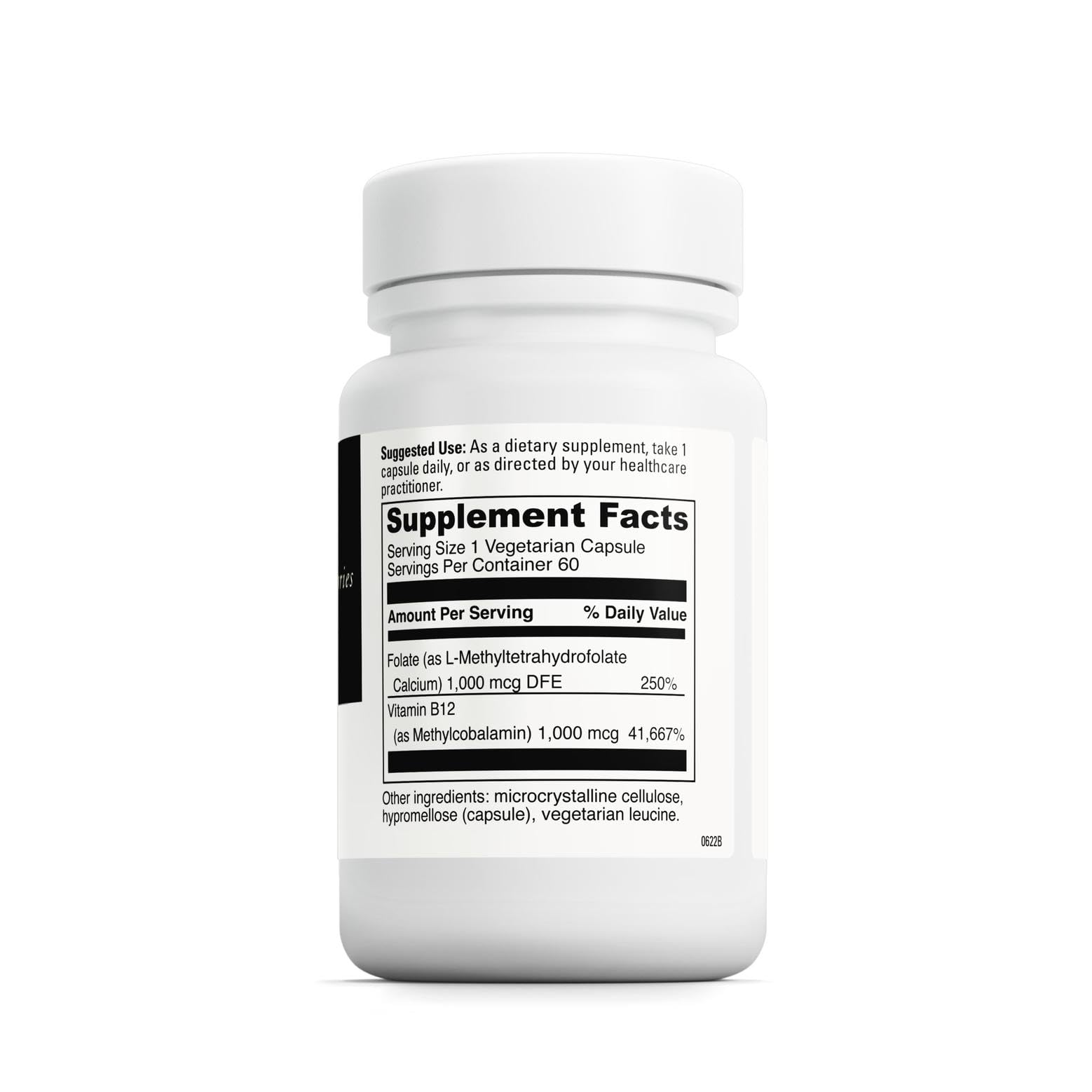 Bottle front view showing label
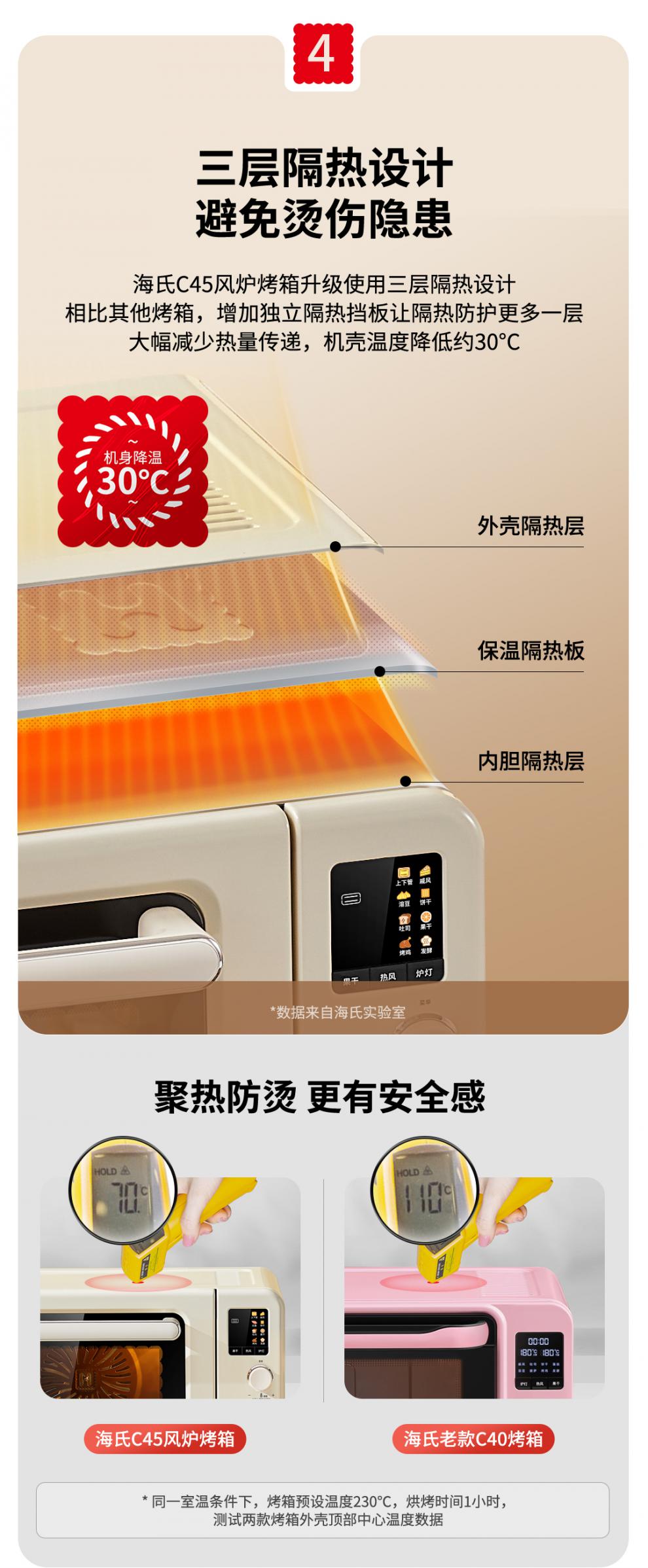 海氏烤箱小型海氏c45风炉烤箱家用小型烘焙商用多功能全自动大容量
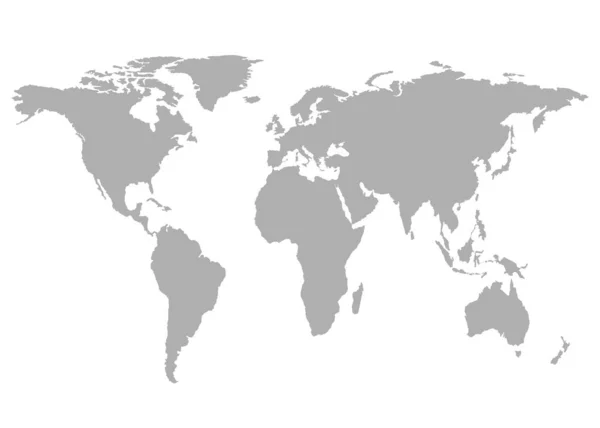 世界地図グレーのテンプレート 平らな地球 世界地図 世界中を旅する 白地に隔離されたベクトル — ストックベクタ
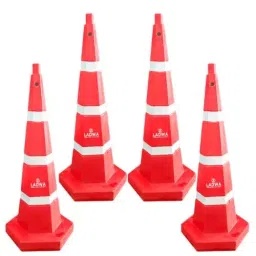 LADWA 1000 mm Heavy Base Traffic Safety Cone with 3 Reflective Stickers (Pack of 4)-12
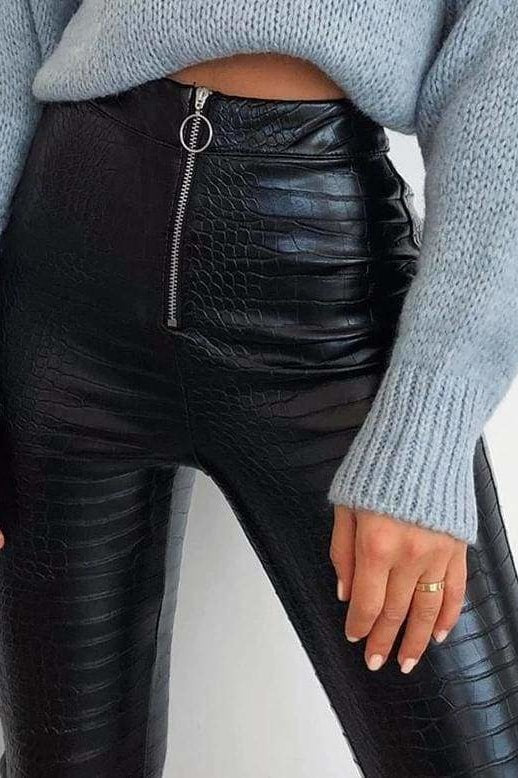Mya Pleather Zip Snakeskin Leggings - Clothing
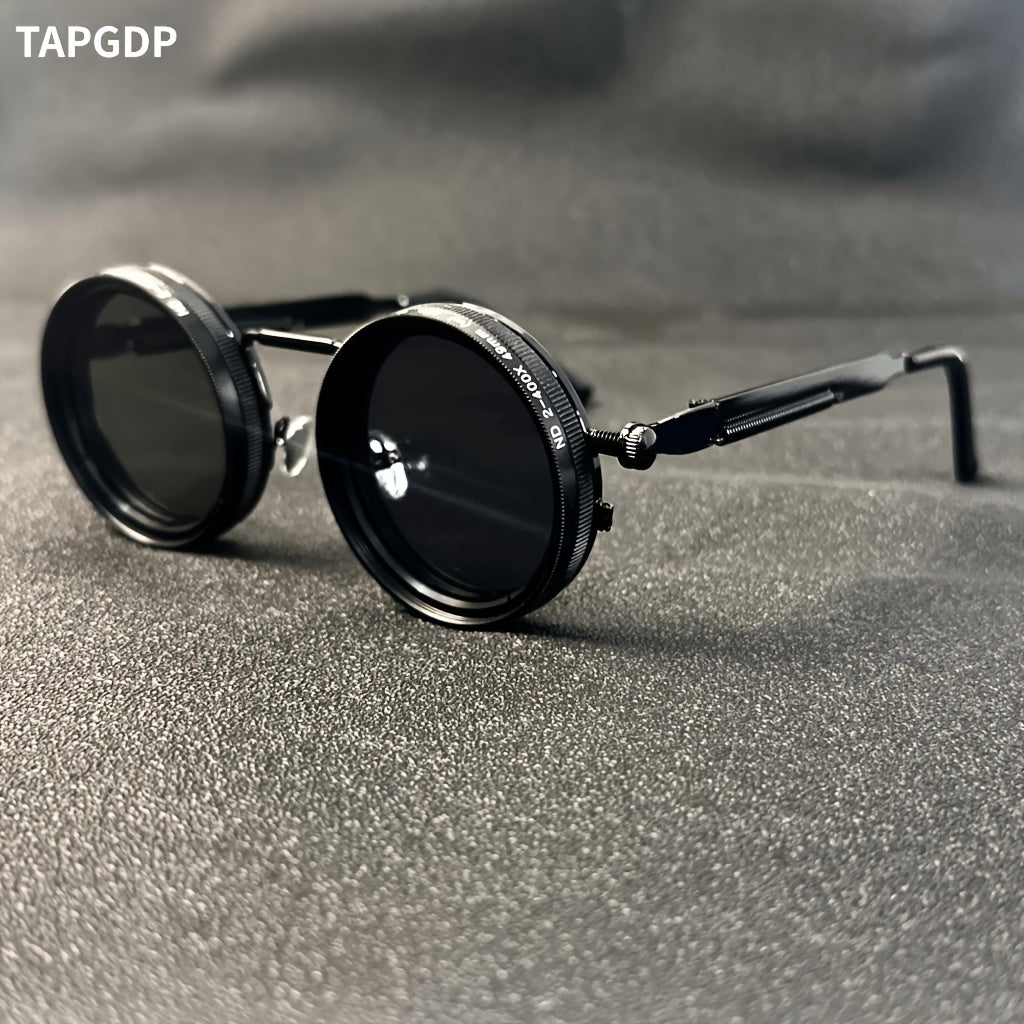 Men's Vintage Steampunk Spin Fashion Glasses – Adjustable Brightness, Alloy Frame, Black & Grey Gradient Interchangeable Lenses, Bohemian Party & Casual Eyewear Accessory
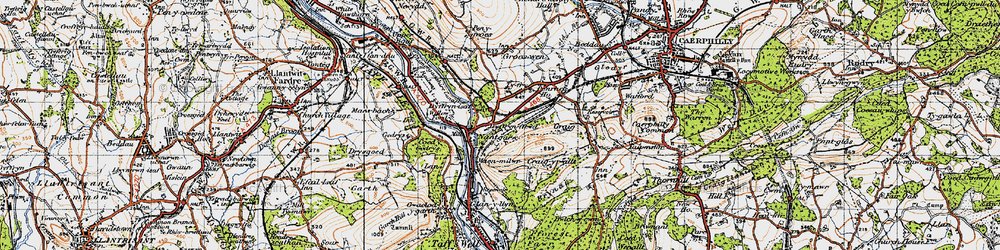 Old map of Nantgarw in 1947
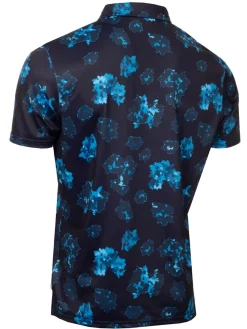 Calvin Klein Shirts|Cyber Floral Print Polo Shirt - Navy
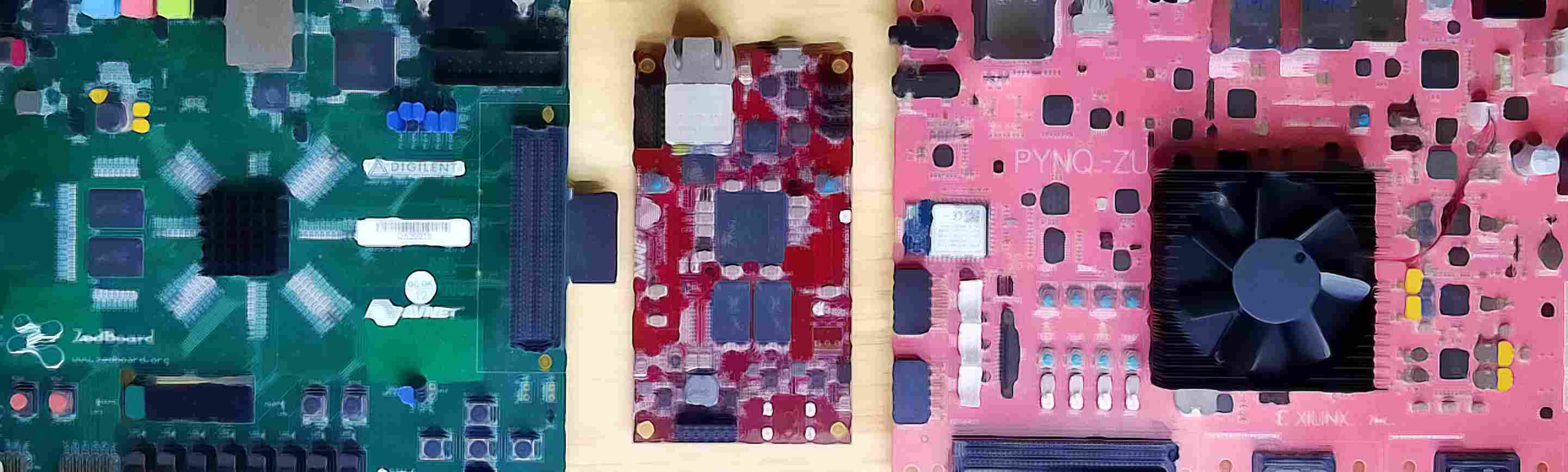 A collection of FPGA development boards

▶ _PROBLEM DETAILS_:
Exactly as written, set down the lines from the line holding "Calvin Klein Shirts|Cyber" to the last line of the data, both ends included, pictures excluded.

▶ _SOLUTION_:
 Calvin Klein Shirts|Cyber Floral Print Polo Shirt - Navy
 A collection of FPGA development boards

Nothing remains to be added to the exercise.